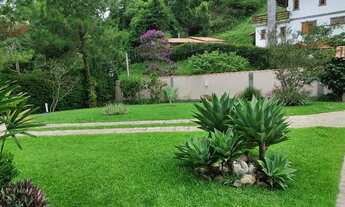 Imagem 3: Casa para venda tem 100 metros quadrados com 3 quartos em Albuquerque - Teresópolis - RJ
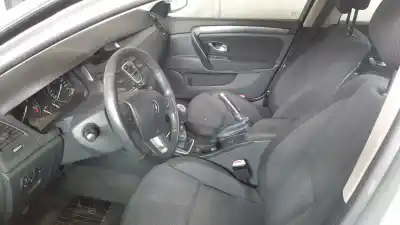 Sloopvoertuig renault laguna iii expression van het jaar 2008 aangedreven k9k780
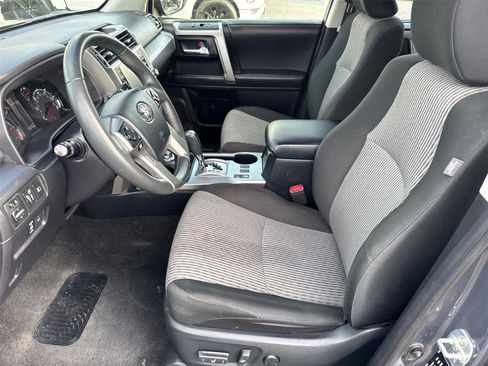 Used 2024 Toyota 4Runner SR5 AWD/4WD image 26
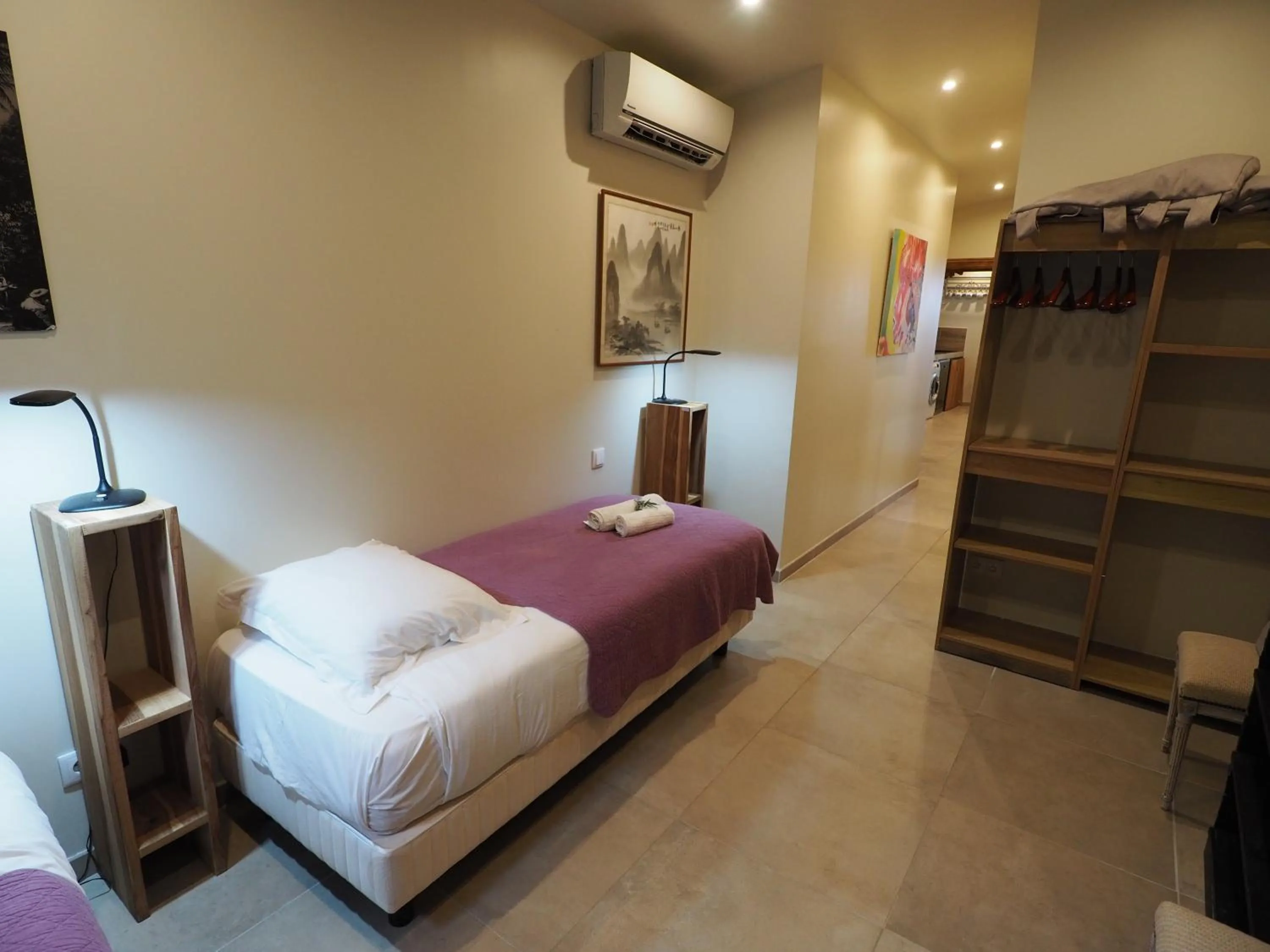 Photo of the whole room, Bed in Maranatha, front de mer avec plage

==*==

Your copy should consist only of the lines from the line holding "Sloopvoertuig renault laguna" through the final line of the listing above, both included, with all pictures omitted.

 Sloopvoertuig renault laguna iii expression van het jaar 2008 aangedreven k9k780
 Used 2024 Toyota 4Runner SR5 AWD/4WD image 26
 Photo of the whole room, Bed in Maranatha, front de mer avec plage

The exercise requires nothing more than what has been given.